Here is the trick to using monofilament thread. Have a second bobbin case. Wind the "invisible" thread on your bobbin and ONLY use it in the bobbin.

I have a second bobbin case and that's all it's used for so the tension is always all set. That way this thread is not going through your tension up top or through any needles and you are not fooling around with your primary bobbin case. It goes a LONGGGG way!

This thread is a poor choice for hot pads as it will melt when subjected to heat. Use 100 per cent cotton thread for these.

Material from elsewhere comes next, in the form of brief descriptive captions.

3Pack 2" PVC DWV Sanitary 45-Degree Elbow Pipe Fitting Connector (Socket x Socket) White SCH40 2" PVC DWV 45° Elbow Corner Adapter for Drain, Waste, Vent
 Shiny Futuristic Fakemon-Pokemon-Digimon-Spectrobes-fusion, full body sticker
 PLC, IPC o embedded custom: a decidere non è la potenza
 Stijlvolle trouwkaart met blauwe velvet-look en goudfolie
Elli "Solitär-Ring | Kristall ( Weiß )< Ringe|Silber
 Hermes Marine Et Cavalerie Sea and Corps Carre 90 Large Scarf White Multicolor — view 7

I add binding, labels and hanging sleeves by machine on my quilts using the invisible thread in the bobbin. And always use the newer, quality brands that are flexible and high quality!. Using it this way it's fast and it won't show on the front of the quilt. Put your color thread of choice in the top of the machine to match what you are sewing on the back of your quilt...your invisible thread in the bobbin, set your machine on a narrow zig zag and Bobs Your Uncle! You're done! LOL

In the event you want this invisible thread for quilting a top, just turn the quilt over and quilt it from the back.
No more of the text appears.